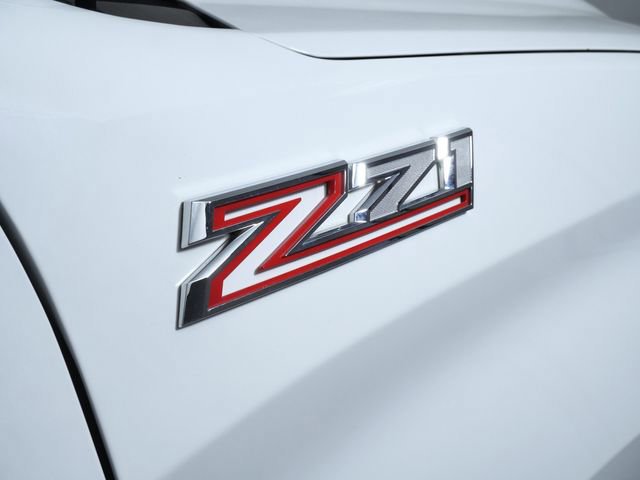 Used 2022 Chevrolet Silverado 1500 Custom Trail Boss w/ LPO, Dark Essentials Package image 9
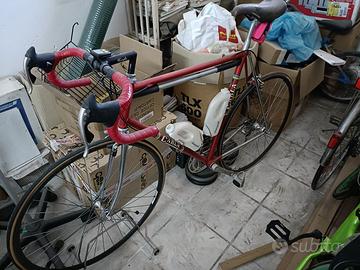 Bici da corsa artigianale
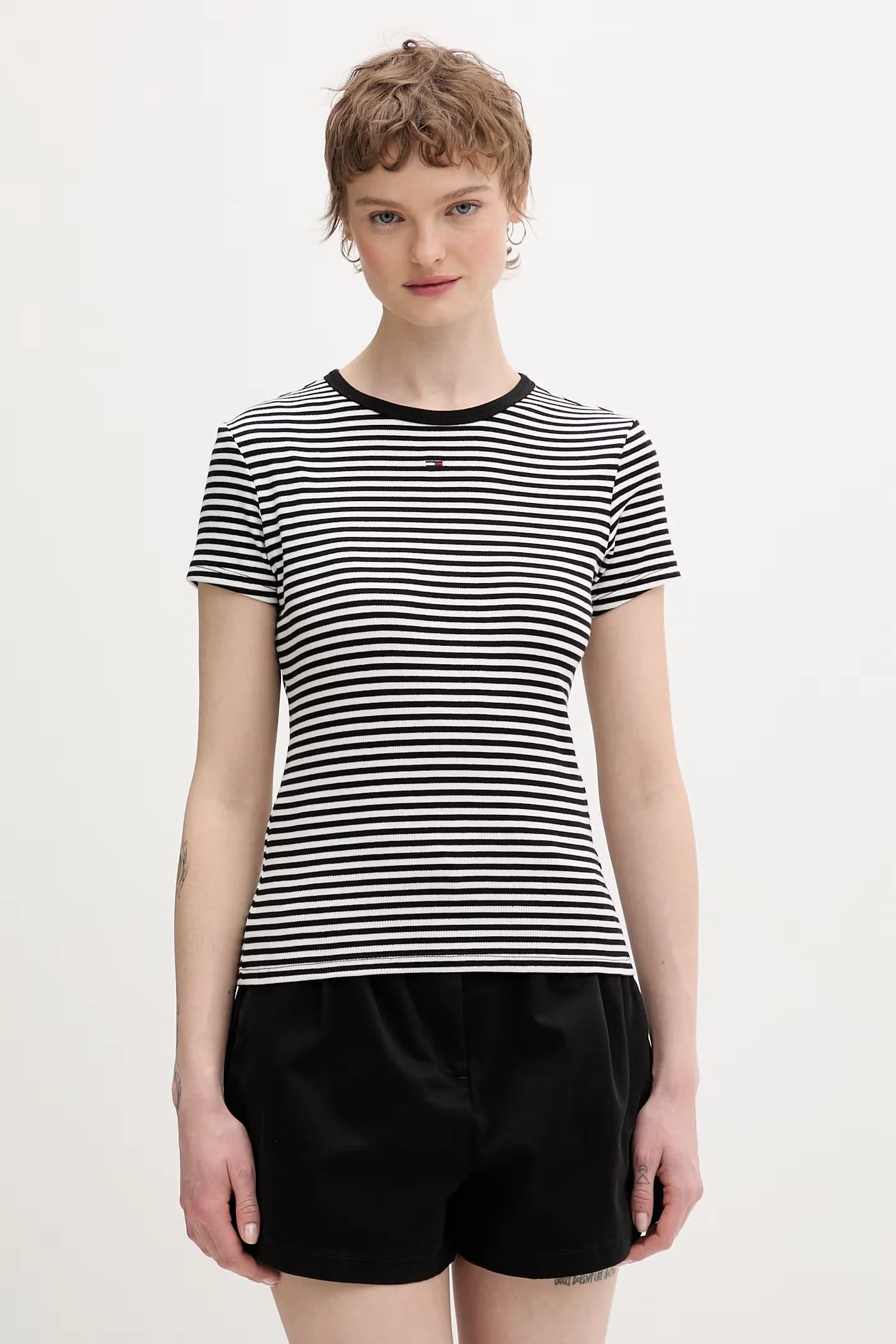 Базовая женская футболка из хлопка с эластаном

# Task requirements:
Begin with the line that contains "Bici da corsa artigianale" and copy every line through the end of the listing, exactly as written, both ends included. Pictures are not part of the copy.

# Answer to this exercise:
 Bici da corsa artigianale
 Базовая женская футболка из хлопка с эластаном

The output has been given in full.